O beijo não foi apenas educado. Foi uma provocação. Uma afirmação. Como se ele tivesse o direito de atravessar qualquer fronteira.
Senti o corpo de Enzo enrijecer ao meu lado.
- Anna é uma convidada da casa. – disse ele, curto e cortante.
- Uma convidada, interessante. Algumas presenças são tão marcantes que parecem fazer parte da casa antes mesmo de serem anunciadas. – disse Dante, como se saboreasse a palavra – Interessante –.
O olhar dele permaneceu no meu, intenso. Me senti exposta, mas não vulnerável.
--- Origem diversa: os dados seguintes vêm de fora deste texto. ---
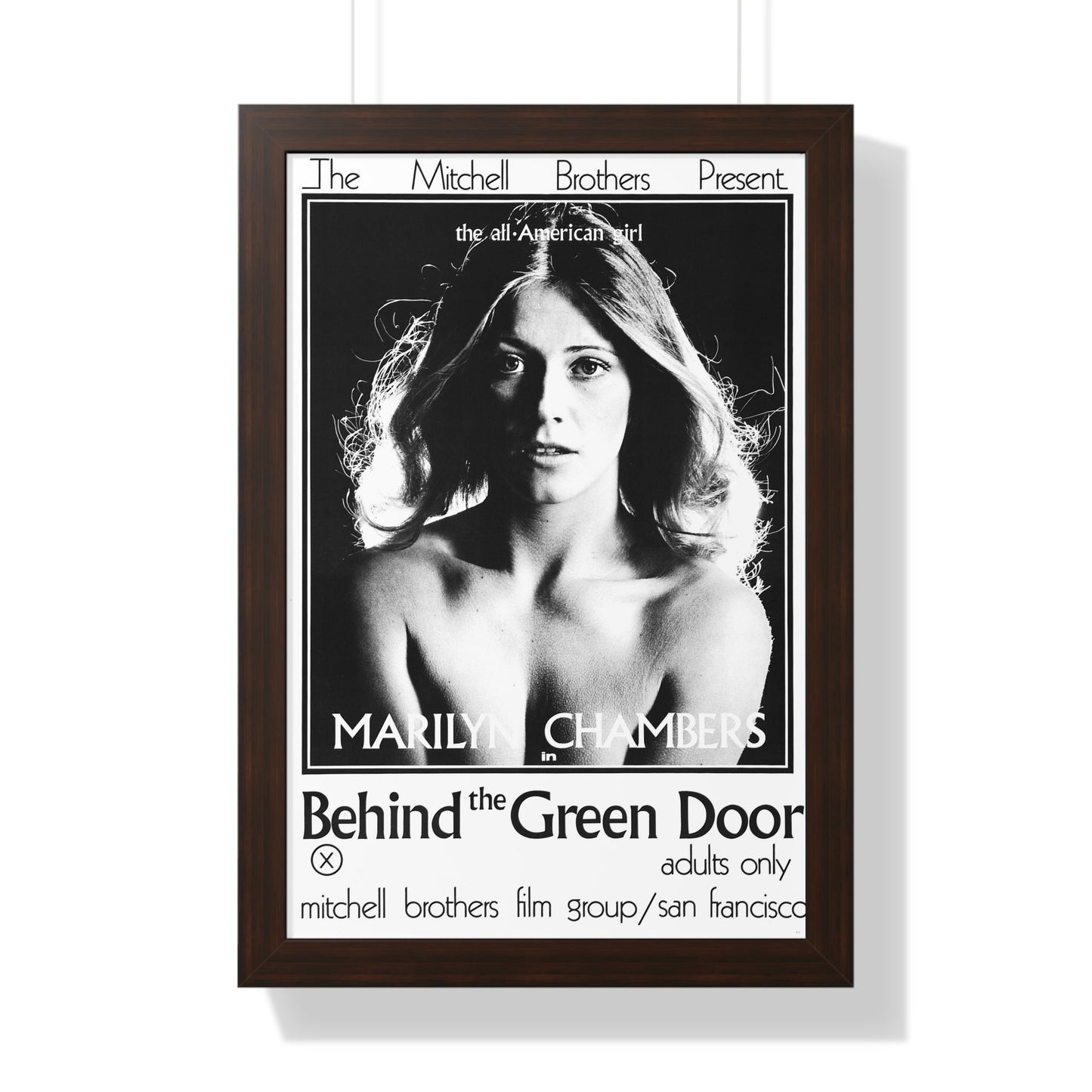 BEHIND THE GREEN DOOR 1972 - Framed Movie Poster-16″ x 24″-The Sticker Space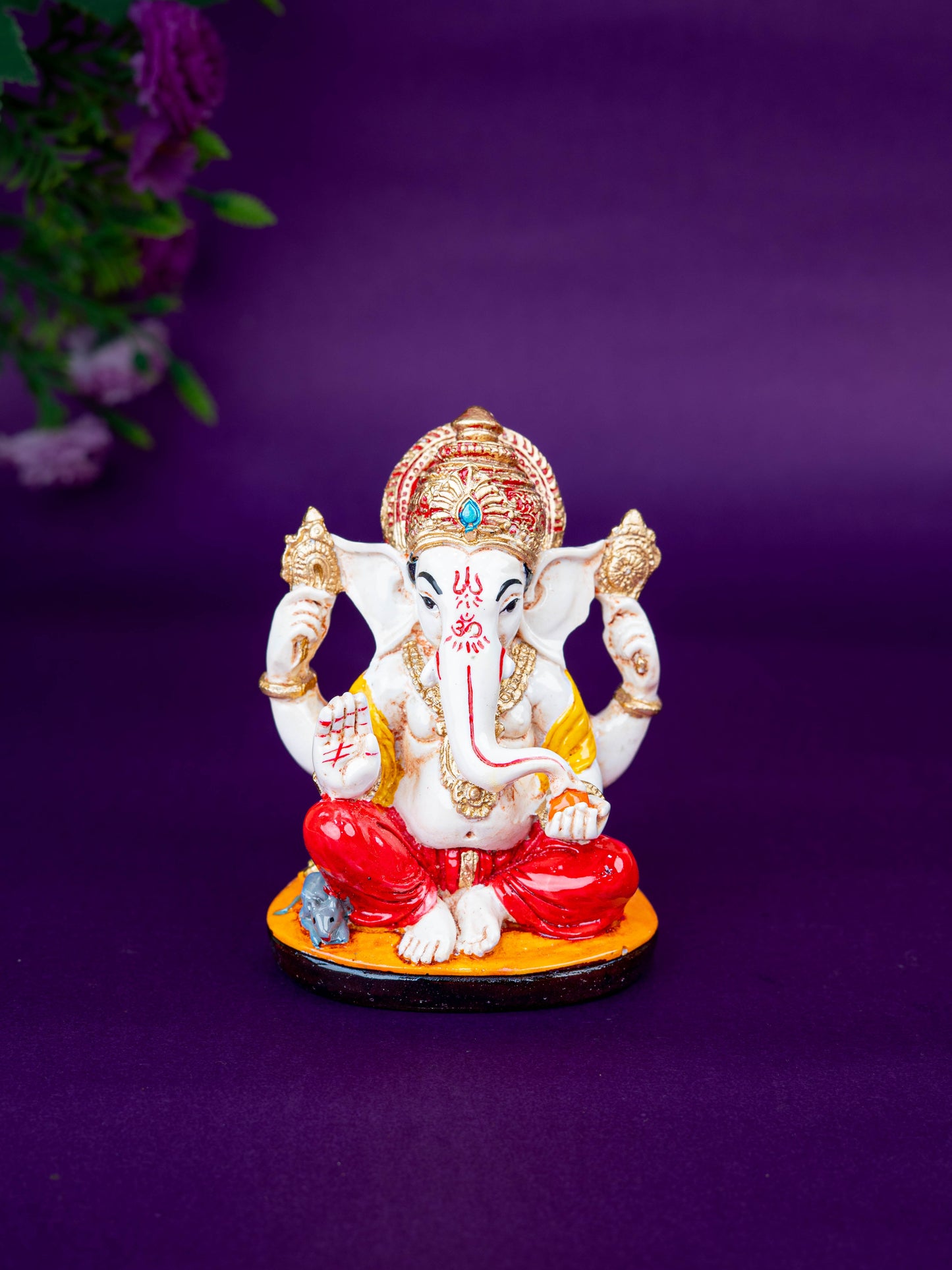 Polystone Ganesha Idol - 4 inch - WL5518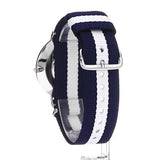 Daniel Wellington Classic Glasgow White Dial Two Tone NATO Strap Watch For Men - DW00100018 Authentic Buy Shop Now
Ao contrário. Como se tivesse sido puxada para dentro de outro jogo. Um novo campo magnético.
- Prazer, Dante. Enzo me falou pouco sobre você. – disse eu, firme.
- Ah, isso ele faz com frequência. Fala pouco sobre o que teme perder.
As palavras foram doces. Mas o veneno nelas era sutil. A tensão entre os dois era palpável. E pela primeira vez, compreendi que o que estava diante de mim não era só uma questão de poder ou hierarquia. Era pessoal. E eu, estava no centro.
Enzo tocou novamente minha cintura. Dessa vez com mais força. Um gesto pequeno, mas carregado de significado.
- Anna, vamos tomar um pouco de ar. – disse ele, quase sem olhar para o irmão.
Assenti, e deixamos Dante para trás, ainda sorrindo. O sorriso de alguém que sabia que havia acendido algo, ou alguém.
Saímos para o terraço, e a brisa fresca bateu em meu rosto como um alívio.
- Desculpe se fui inconveniente. – arrisquei.
- Não foi você. É ele. Sempre ele, desde que éramos crianças. – respondeu Enzo, com os olhos fixos no horizonte.
- Vocês brigam muito?
- Brigamos, por tudo. Mas com você, vai ser diferente.
Virei para ele, surpresa.
- Como, não entendi. Por quê isso?
Ele me encarou com um olhar carregado. Duro e quente ao mesmo tempo.
- Porque com você eu não vou dividir. Nem fingir.
Fiquei em silêncio.
As palavras dele eram simples.
Mas o que elas carregavam era imenso.
E eu soube, ali, que algo havia sido firmado. Que eu estava mais profundamente presa nesse jogo do que antes. Que o desejo era apenas a superfície. E que, por trás do que parecia ser sedução, existia uma guerra prestes a começar.